**EXERCISE DESCRIPTION**
Take the lines below between the one holding "Barueri: Prefeitura vai" and the one holding "CA 94520, USA", inclusive, and copy them exactly. Add nothing.
─── PROVIDED INFORMATION ───
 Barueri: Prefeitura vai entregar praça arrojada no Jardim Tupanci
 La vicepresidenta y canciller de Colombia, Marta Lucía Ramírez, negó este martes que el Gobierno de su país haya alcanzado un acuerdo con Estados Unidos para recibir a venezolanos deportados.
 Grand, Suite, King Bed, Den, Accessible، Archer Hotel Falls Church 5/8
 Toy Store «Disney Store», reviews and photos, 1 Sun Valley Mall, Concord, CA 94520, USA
───
─── PROVIDED INFORMATION ───
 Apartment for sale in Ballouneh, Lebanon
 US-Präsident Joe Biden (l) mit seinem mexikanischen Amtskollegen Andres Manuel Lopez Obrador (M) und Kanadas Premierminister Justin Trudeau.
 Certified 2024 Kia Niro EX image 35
───
**TASK RESPONSE**
 Barueri: Prefeitura vai entregar praça arrojada no Jardim Tupanci
 La vicepresidenta y canciller de Colombia, Marta Lucía Ramírez, negó este martes que el Gobierno de su país haya alcanzado un acuerdo con Estados Unidos para recibir a venezolanos deportados.
 Grand, Suite, King Bed, Den, Accessible، Archer Hotel Falls Church 5/8
 Toy Store «Disney Store», reviews and photos, 1 Sun Valley Mall, Concord, CA 94520, USA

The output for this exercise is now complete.